— by MARIUSZ ZUBROWSKI —
Upon seeing “The Road,” I’ve stockpiled as much Coca Cola as I could get my hands on. Why such an endeavor? It’s because John Hillcoat’s sophomore film showed me that even when you can’t trust the sanity of your fellow man, you can trust the quality of America’s favorite drink.
Before being enticed to write a review, I sat staring at the goldmine of red-and-white cans that have overwhelmed my home and pondered the idea “If I have a child, is it possible that a simple drink can bond us just like in the movie?” But in all seriousness, “The Road” is simply one of the best films — if not the best film — of the year.
The story follows a nameless father (Viggo Mortensen) and his nameless son (Kodi Smit-McPhee) as they travel the ravaged post-apocalypse America. The man is determined to reach “the coast,” which is believed to be a last stand for any survivor. But, of course, the unspecified terror that claimed everyday life also claimed most of the food-supply, causing many survivors to turn to cannibalism. However, the boy and the man believe that they carry “the fire,” or the will to do good in such a desolate place.
Why is the story so fascinating? Besides the social commentary, it’s also because of the acting prowess of Mortensen and McPhee. Simple characters like a protective father or a scared child are given an extra layer because of the actor’s excellent portrayals. McPhee does an incredible job playing a child that is born after the destruction but who is still stunned and Viggo does his role as a determined father whose “flame” slowly dies out throughout the film, masterfully.
More of these character’s pasts are exposed in the flashback sequences that feature Charlize Theron as the man’s wife and mother to son. We are given a glimpse of man’s past as a loving husband who worked peacefully at a ranch but tension rises as the woman gives birth to a child after the damage has been done. These scenes show that cannibalism isn’t the only terror for the man, it’s also his haunting past.
The landscapes look just as they were meant to look, dark and bleak. There are no spectacular explosions and enormous tsunamis, only dust and smoke. The environment was not meant to be the enemy, but a grim reminder of life prior to the incident. Other human-beings are all what man and boy have to fear, and rightfully so, because not everyone carries their “fire.”

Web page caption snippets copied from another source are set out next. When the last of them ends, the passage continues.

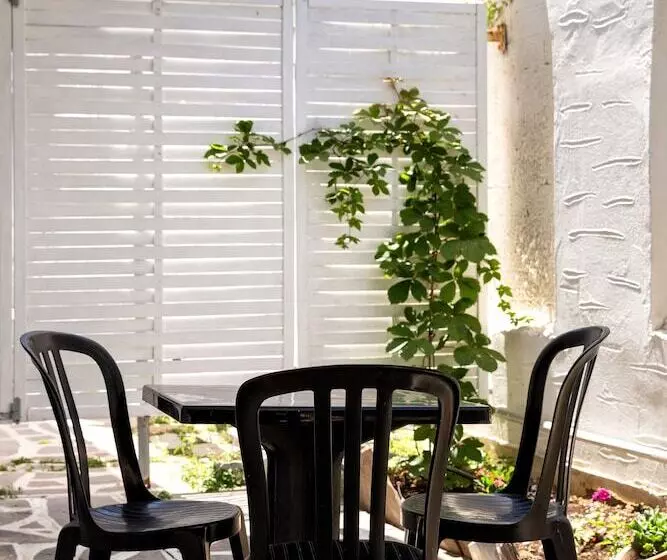 Stratos Apartments & Studios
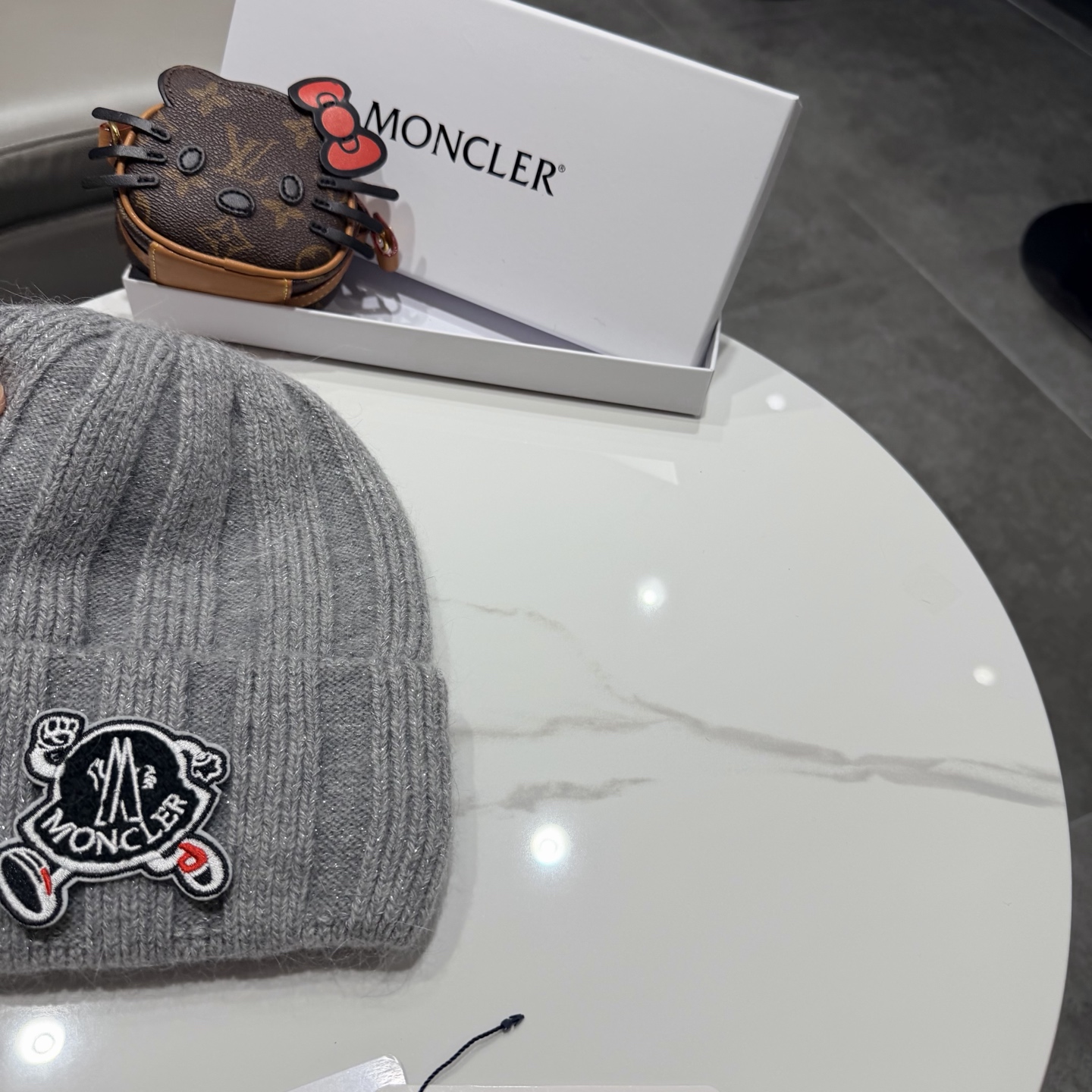 高版本蒙口Moncler盟可睐💥官网经典针织帽，原单复刻.非常柔软亲肤，弹性很好💓有质感又非常百搭的款式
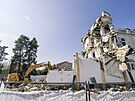 Obrázky z bourání nechvaln� známé zbraslavské �pornovily�. (28. b�ezna 2025)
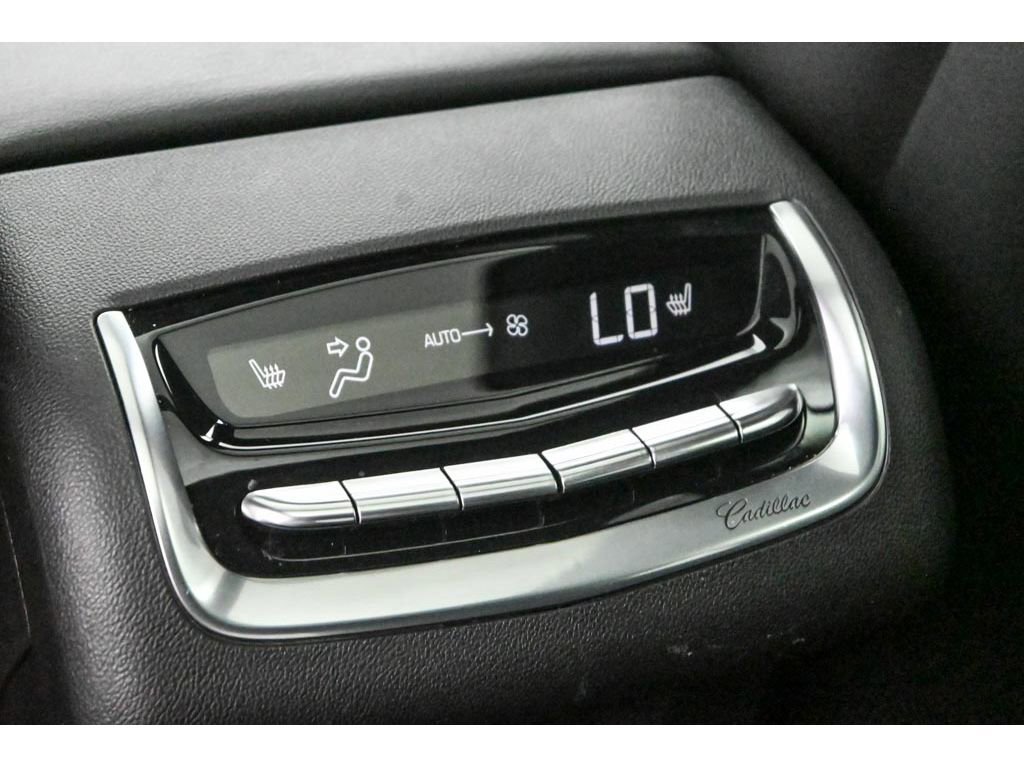 Used 2023 Cadillac XT6 Premium Luxury w/ Technology Package image 31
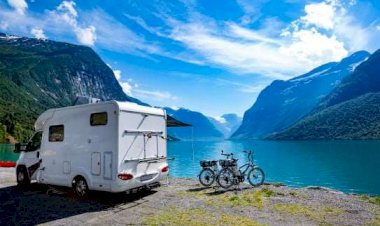 पर्यटक अब इस लक्जरी कैरवान वैन में कर सकते हैं उत्तराखंड की सैर, पर्यटन मंत्री ने की शुरुआत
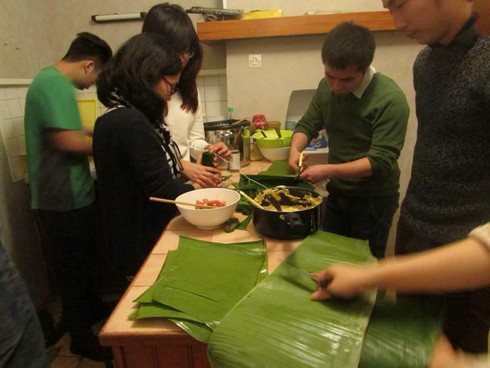 Không khí đón giao thừa Giáp Ngọ 2014 - ảnh 94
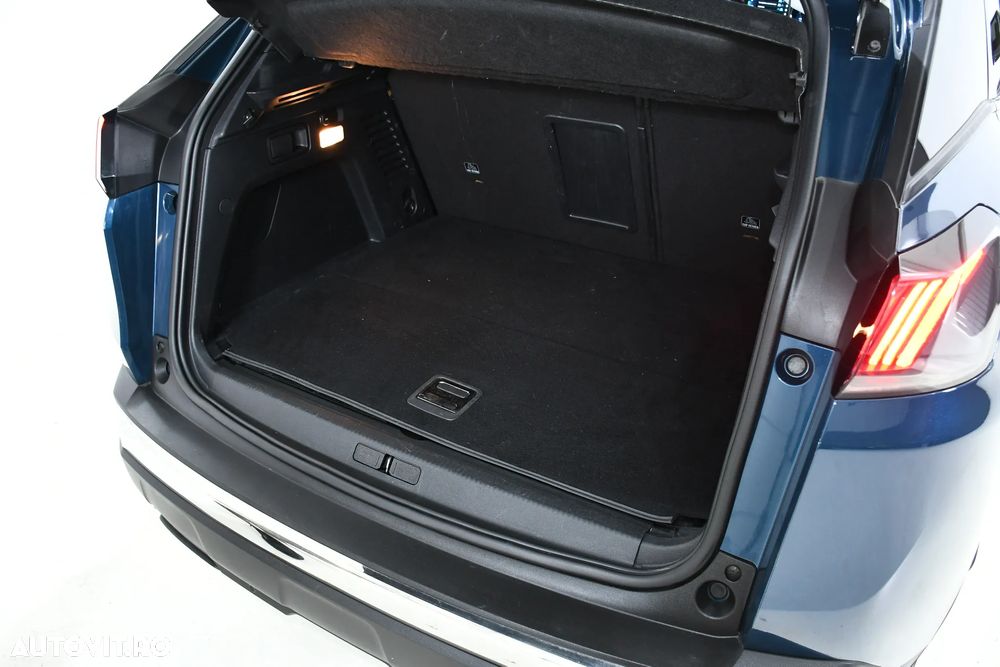 Peugeot 3008 Plug-In Hybrid 225 e-EAT8 Allure Pack - 40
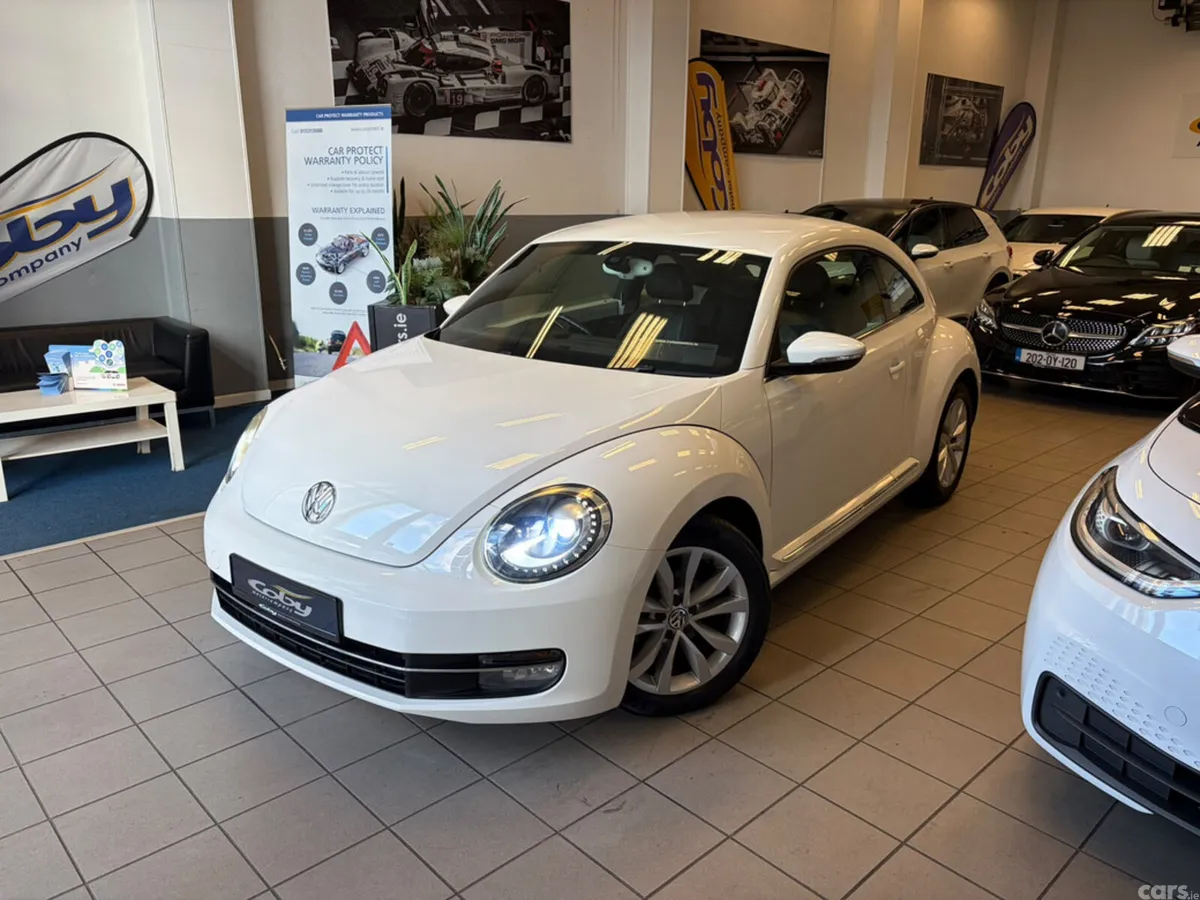 Volkswagen Beetle Hatchback, Petrol, 2013, White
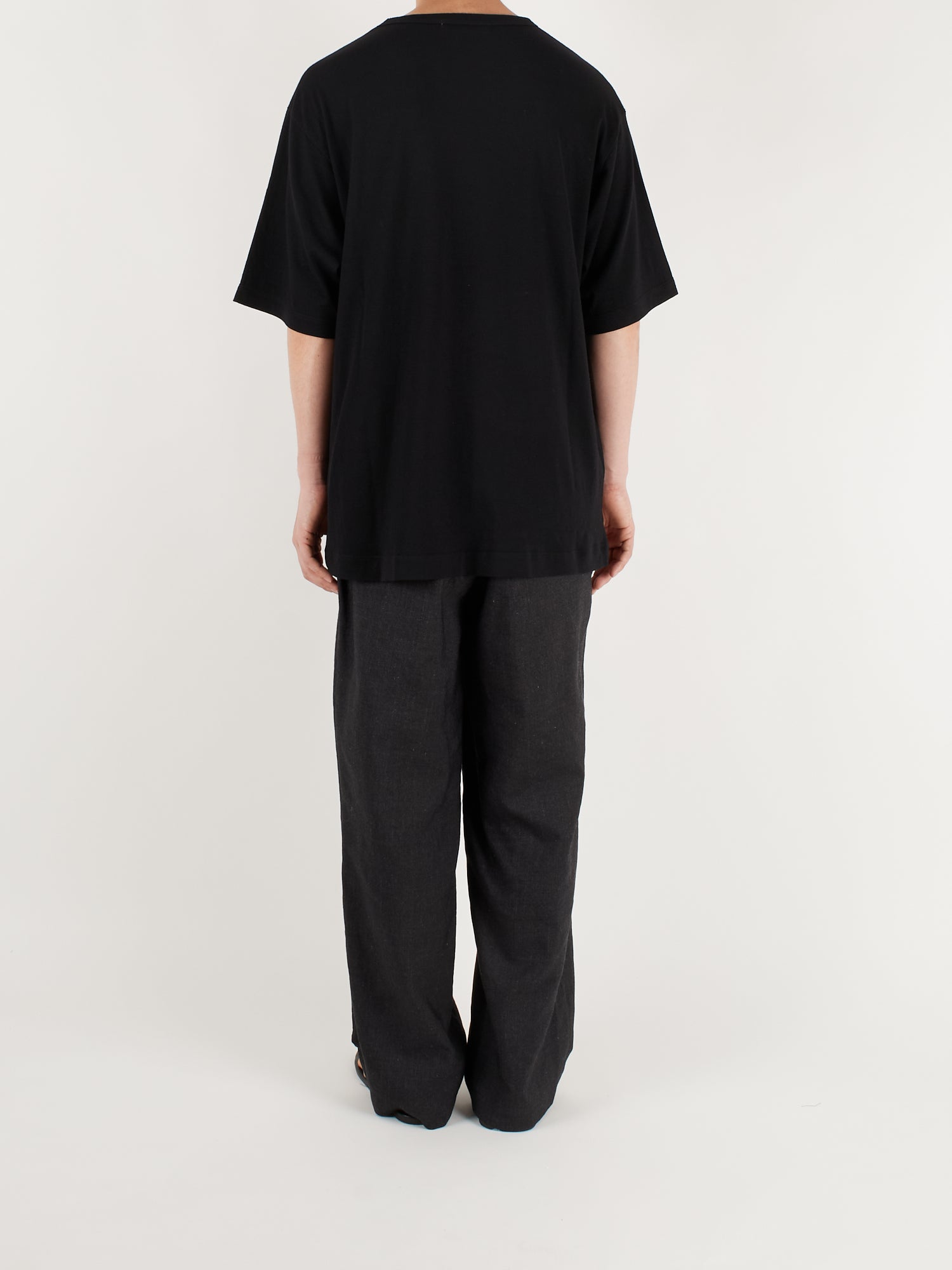 Model 176cm/62kg size M color BLACK着用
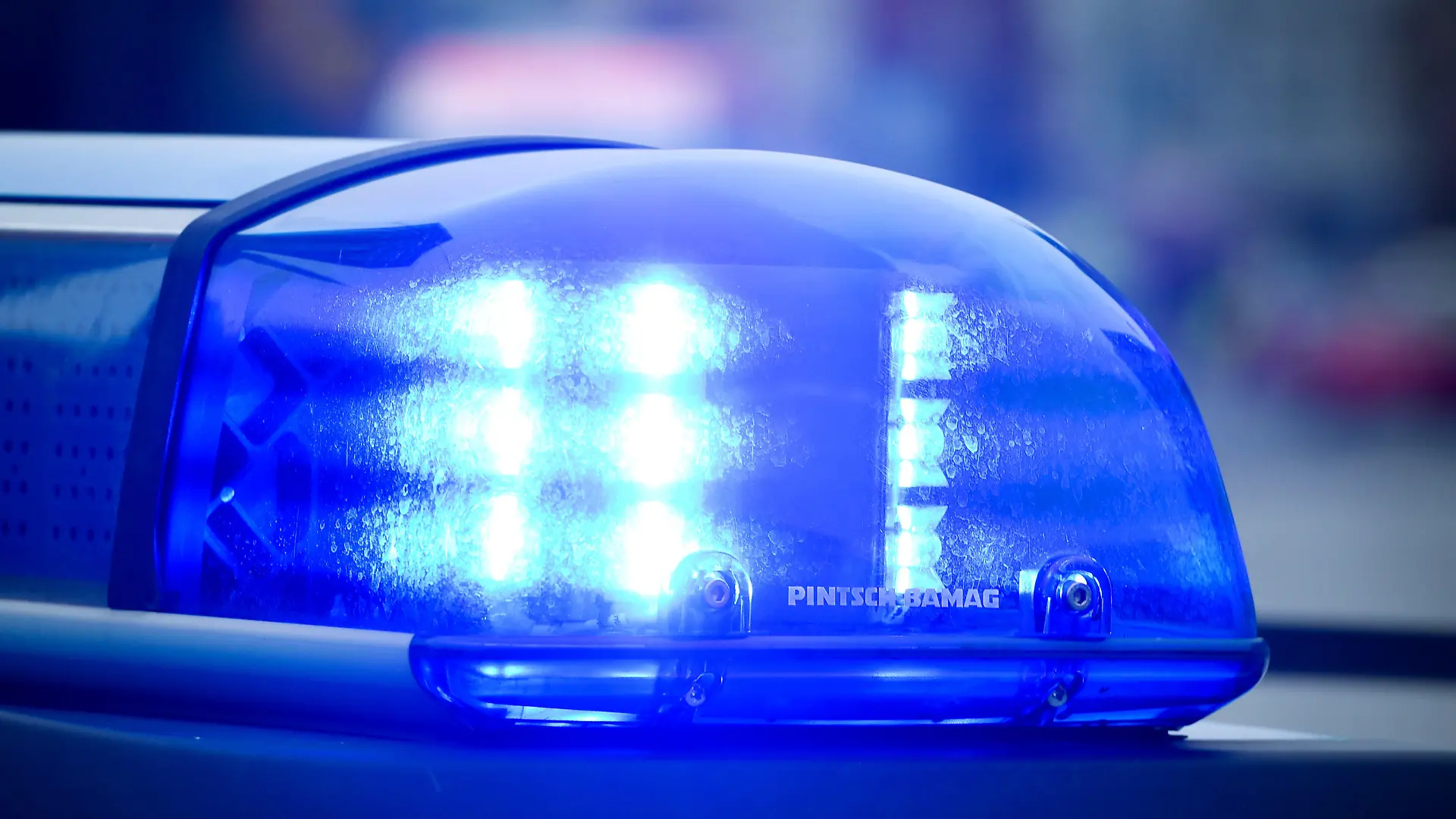 ARCHIV - ILLUSTRATION - Das Blaulicht an einem Polizeiauto leuchtet am 11.09.2014 in Frankfurt (Oder) (Brandenburg). Schrecklicher Fund in einem Mehrfamilienhaus von Detmold. Eine Mutter und ihr Kind sind tot. Eine Mordkommission ermittelt. (zu dpa vom 12.09.2017) Foto: Patrick Pleul/dpa +++(c) dpa - Bildfunk+++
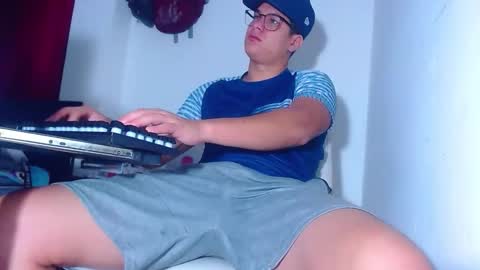 Snapshot of phoenixgnz08 chatting on 11.10.25 AdnierGnz online show from 11.10.25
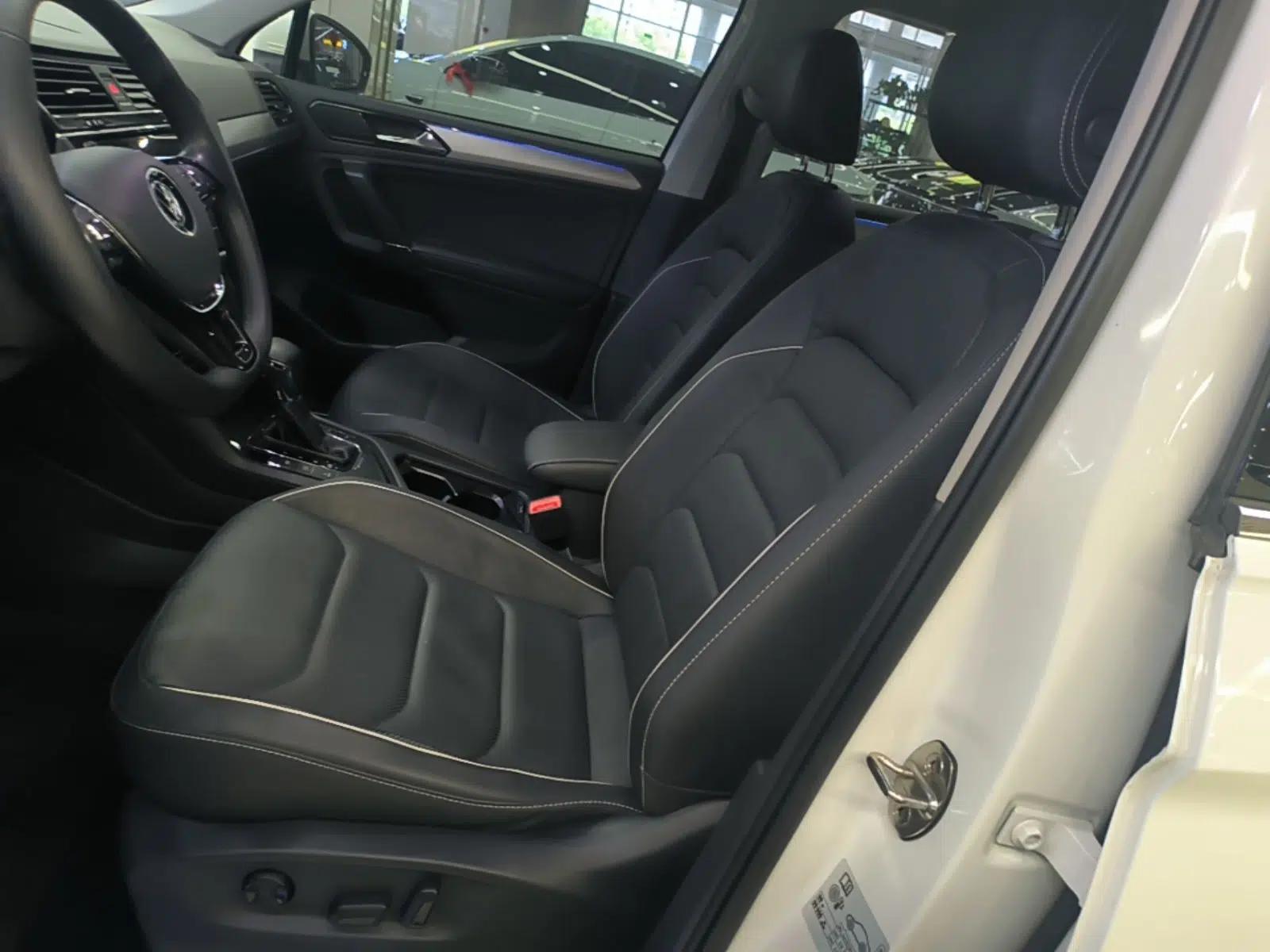 Volkswagen Tiguan L New Energy 2021 430 PHEV Plug-in Hybrid Flagship Edition — миниатюра 18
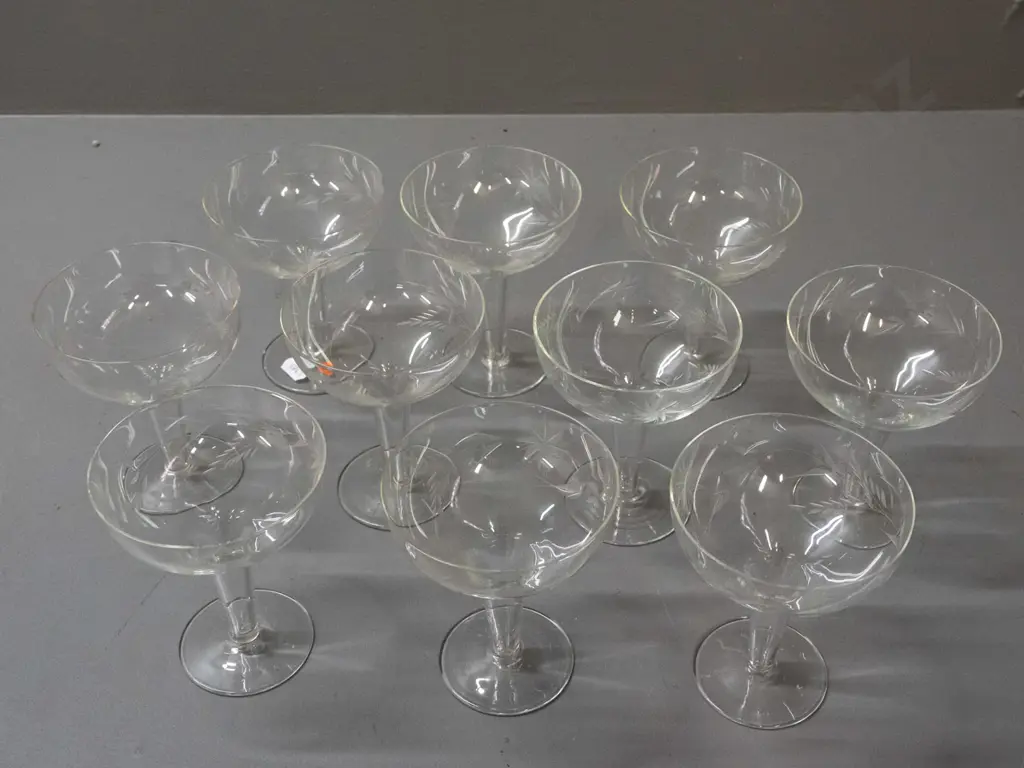 10 hollow-stemmed champagne glasses with matching etched foliate motifs - one has some fretting around rim H-115 D-90 Image 1++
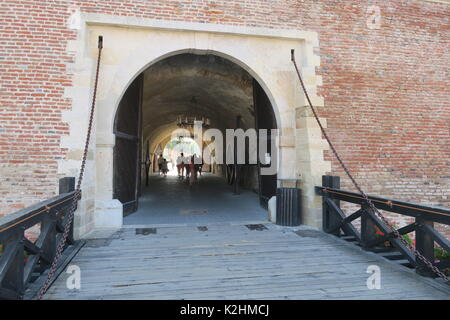 Storico ponte levatoio all'gatealley ingresso alla città pittoresca Alba Iulia, Romania. Foto Stock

So as I sit some of the “black gold” that I’ve stockpiled in case of impending doom, I’ll conclude this review by saying that John Hillcoat has adapted Cormac McCarty’s masterpiece with a masterpiece of his own. I assure you that it inspires more than blatant advertisement. We are given nothing but slight glimpses of life before the destruction, no cause, and no names. Yet however, it feels like these characters were intricately explained by not being explained. It’s hard not to cheer as the man and the boy narrowly escape death in the hell that has become of America. So raise your cherry-red cans for “The Road” is one worth traveling.
As an added bonus, here is a bit of trivia that I stumbled upon:
John Hillcoat had to film the soda scene with the father and son multiple times, each time with a different brand of soda in fear that Coco-Cola wouldn’t want to be associated with the material. In the end, it took a personal call from Viggo Mortensen to the president of Coco-Cola to secure the use of their product.